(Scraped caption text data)
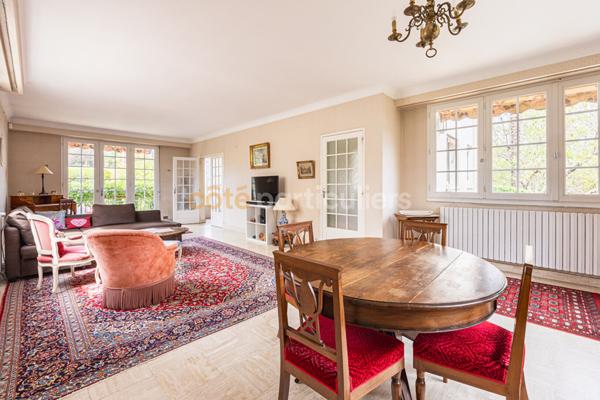 Vente
                Maison205 m² - 9 Pièces -
                    NANTES (44300)
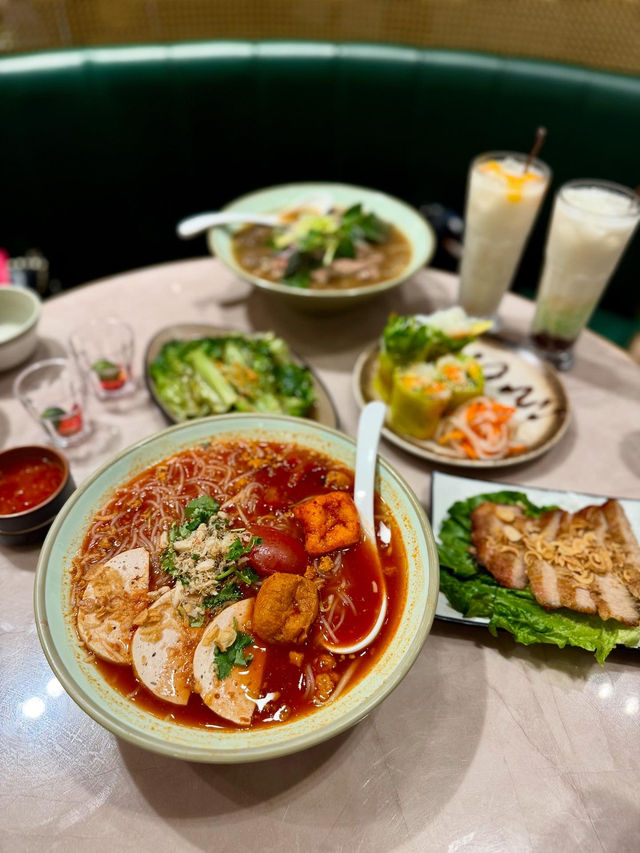 啟德體育園一間親民的越南菜🍜，性價比十分之高😍！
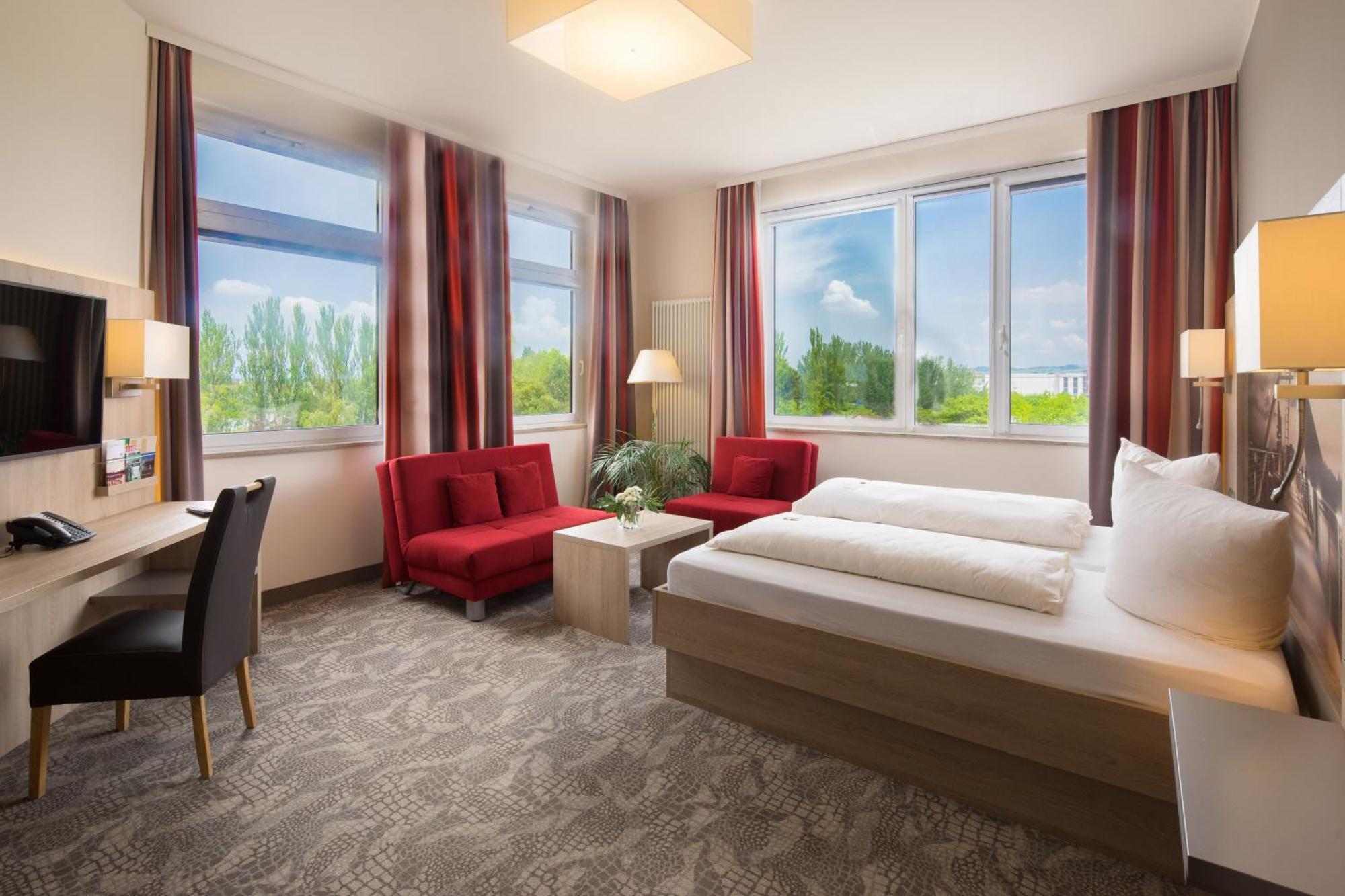 Hotel Western Dreilaenderbruecke / Basel Weil am Rhein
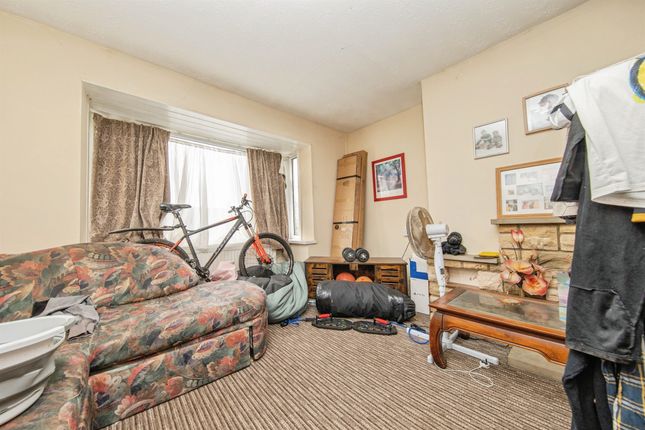 123, Defoe Road, Ipswich photo 2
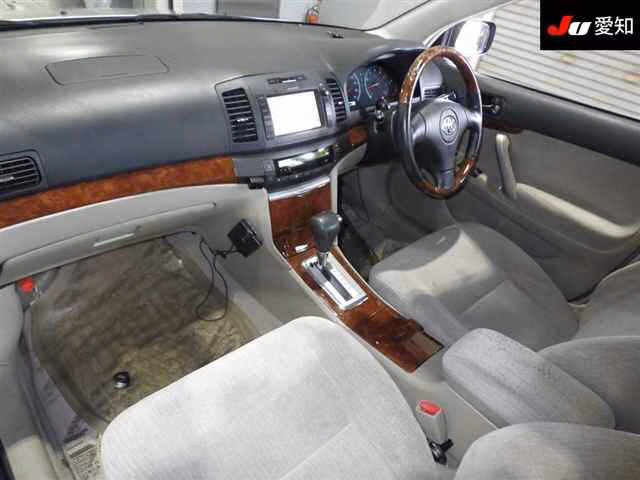 TOYOTA PREMIO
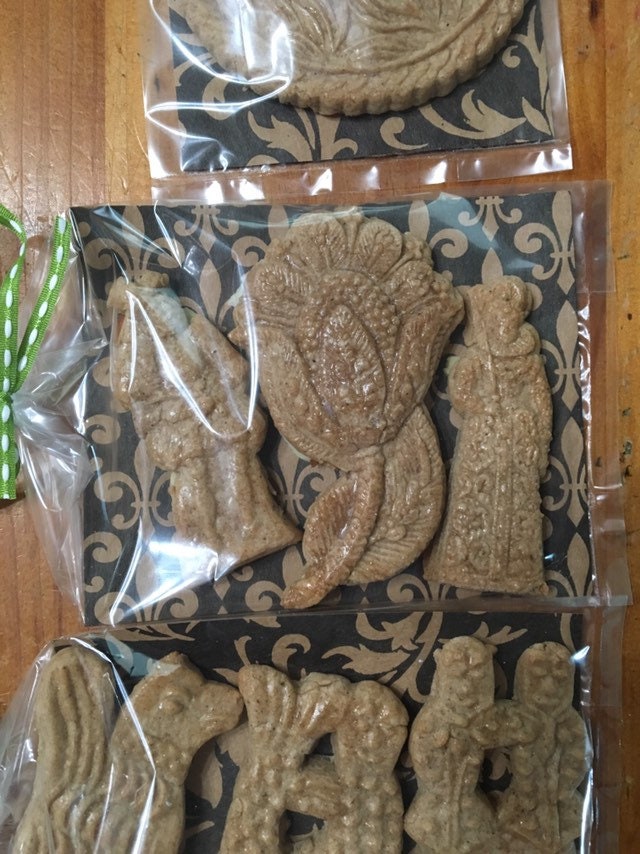Glazed Speculaas / Specula’s or Lebkuchen Spice Cookies 1 Dozen Assorted Gingerbread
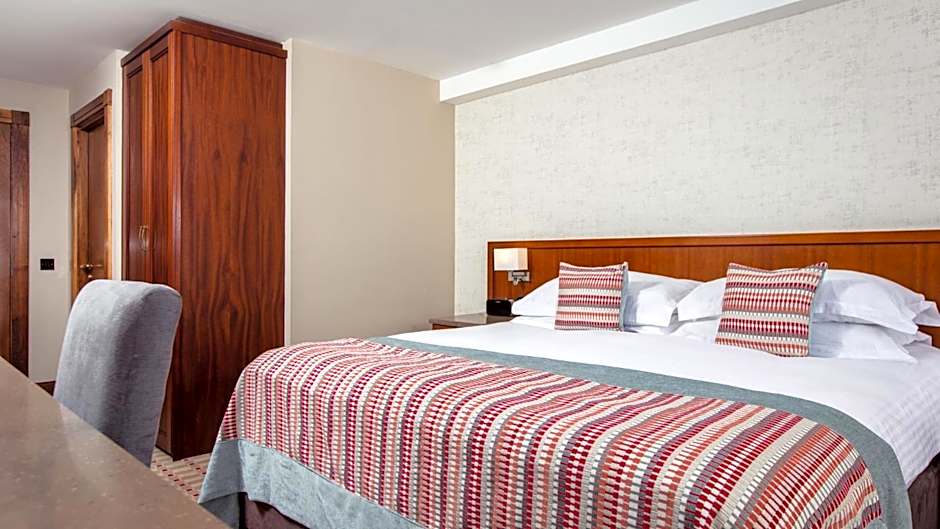 The Stormont Hotel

[What you are asked to do] Could you write out the records again exactly, omitting each image?

[Worked solution]
 Vente
                Maison205 m² - 9 Pièces -
                    NANTES (44300)
 啟德體育園一間親民的越南菜🍜，性價比十分之高😍！
 Hotel Western Dreilaenderbruecke / Basel Weil am Rhein
 123, Defoe Road, Ipswich photo 2
 TOYOTA PREMIO
Glazed Speculaas / Specula’s or Lebkuchen Spice Cookies 1 Dozen Assorted Gingerbread
 The Stormont Hotel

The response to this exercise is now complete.